_What the task asks:_ Using the entries below, show all lines with the string "these".

_Data to process:_
################
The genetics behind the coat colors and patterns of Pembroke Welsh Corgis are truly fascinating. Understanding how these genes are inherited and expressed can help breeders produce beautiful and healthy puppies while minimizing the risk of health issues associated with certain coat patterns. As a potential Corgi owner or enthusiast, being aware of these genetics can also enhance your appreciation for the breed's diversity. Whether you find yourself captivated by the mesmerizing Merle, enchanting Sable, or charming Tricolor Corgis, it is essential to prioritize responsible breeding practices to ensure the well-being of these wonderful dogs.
################
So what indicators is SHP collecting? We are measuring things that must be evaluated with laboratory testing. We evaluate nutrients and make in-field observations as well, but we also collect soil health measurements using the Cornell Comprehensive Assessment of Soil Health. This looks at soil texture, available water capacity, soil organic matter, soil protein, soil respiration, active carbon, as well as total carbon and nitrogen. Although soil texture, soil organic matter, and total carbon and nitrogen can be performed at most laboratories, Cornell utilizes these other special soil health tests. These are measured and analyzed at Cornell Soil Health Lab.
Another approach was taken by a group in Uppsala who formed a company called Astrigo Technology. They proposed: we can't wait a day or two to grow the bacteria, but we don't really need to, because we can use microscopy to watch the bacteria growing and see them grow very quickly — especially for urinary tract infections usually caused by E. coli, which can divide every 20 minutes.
################
_Solved problem:_
The genetics behind the coat colors and patterns of Pembroke Welsh Corgis are truly fascinating. Understanding how these genes are inherited and expressed can help breeders produce beautiful and healthy puppies while minimizing the risk of health issues associated with certain coat patterns. As a potential Corgi owner or enthusiast, being aware of these genetics can also enhance your appreciation for the breed's diversity. Whether you find yourself captivated by the mesmerizing Merle, enchanting Sable, or charming Tricolor Corgis, it is essential to prioritize responsible breeding practices to ensure the well-being of these wonderful dogs.
So what indicators is SHP collecting? We are measuring things that must be evaluated with laboratory testing. We evaluate nutrients and make in-field observations as well, but we also collect soil health measurements using the Cornell Comprehensive Assessment of Soil Health. This looks at soil texture, available water capacity, soil organic matter, soil protein, soil respiration, active carbon, as well as total carbon and nitrogen. Although soil texture, soil organic matter, and total carbon and nitrogen can be performed at most laboratories, Cornell utilizes these other special soil health tests. These are measured and analyzed at Cornell Soil Health Lab.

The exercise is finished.